Research Project: COTTON DISEASE MANAGEMENT STRATEGIES FOR SUSTAINABLE COTTON PRODUCTION

Location: Insect Control and Cotton Disease Research

Title: Response of AtNPR1-expressing cotton plants to Fusarium oxysporum f. sp. vasinfectum isolates

Author
item Joshi, Sameer - Texas A&m University
item Kumar, Vinod - Texas A&m University
item Janga, Madhusudhana - Texas A&m University
item Bell, Alois - Al
item Rathore, Keerti - Texas A&m University

Submitted to: Physiology and Molecular Biology of Plants
Publication Type: Peer Reviewed Journal
Publication Acceptance Date: 12/27/2016
Publication Date: 1/3/2017
Citation: Joshi, S.G., Kumar, V., Janga, M.R., Bell, A.A., Rathore, K.S. 2017. Response of AtNPR1-expressing cotton plants to Fusarium oxysporum f. sp. vasinfectum isolates. Physiology and Molecular Biology of Plants. 23:135-142.

Interpretive Summary: Transgenic cotton plants expressing the gene AtNPR1 seem to slow down the spread of Fusarium wilt, specifically the isolate Fov11, as compared to wild-type plants. Analysis of roots and stems from seedlings with AtNPR1 show that these transgenic lines are capable of launching a stronger defense when infected with Fov11. However, little or no protection was observed against a similar strain of Fusarium wilt (Fov43) or a highly-virulent one like CA-9.

Technical Abstract: In our earlier investigation, we had demonstrated that transgenic cotton plants expressing AtNPR1 showed significant tolerance to Fusarium oxysporum f. sp. vasinfectum, isolate 11 (Fov11) and several other pathogens.

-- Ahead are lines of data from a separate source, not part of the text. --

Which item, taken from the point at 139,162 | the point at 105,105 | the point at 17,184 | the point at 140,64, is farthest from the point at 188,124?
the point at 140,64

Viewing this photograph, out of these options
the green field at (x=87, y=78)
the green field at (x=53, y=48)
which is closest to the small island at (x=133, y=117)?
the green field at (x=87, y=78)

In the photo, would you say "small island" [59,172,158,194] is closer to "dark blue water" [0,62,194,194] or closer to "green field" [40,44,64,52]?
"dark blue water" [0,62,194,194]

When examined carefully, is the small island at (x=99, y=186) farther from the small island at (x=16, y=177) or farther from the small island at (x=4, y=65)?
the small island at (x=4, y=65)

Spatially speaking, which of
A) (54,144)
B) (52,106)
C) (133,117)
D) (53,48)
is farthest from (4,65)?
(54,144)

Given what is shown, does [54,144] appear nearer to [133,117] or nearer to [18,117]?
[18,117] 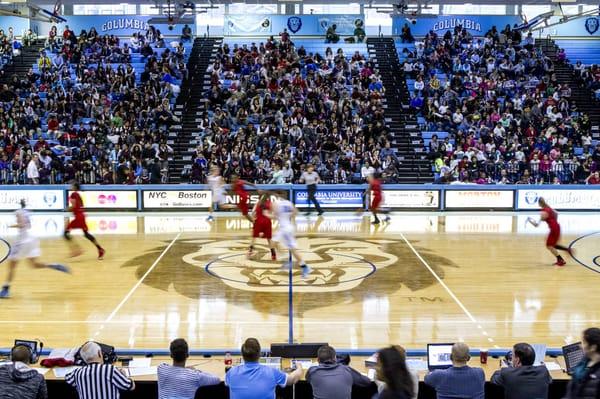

The current study was designed to further characterize the nature of the protection provided by AtNPR1 expression and its limitations. Green Fluorescent Protein-expressing Fov11 was generated and used to study the progression of the disease within the plant. The results show that the spread of the pathogen was slower in the AtNPR1-transformants compared to the wild type plants. Transcript analysis in the seedling root and hypocotyl showed that the transgenic lines are capable of launching a stronger defense response when infected with Fov11. We further confirmed that AtNPR1 transformants showed greater degree of tolerance to Fov11. However, little or no protection was observed against a related, but more virulent isolate, Fov43, and a highly virulent isolate, CA9.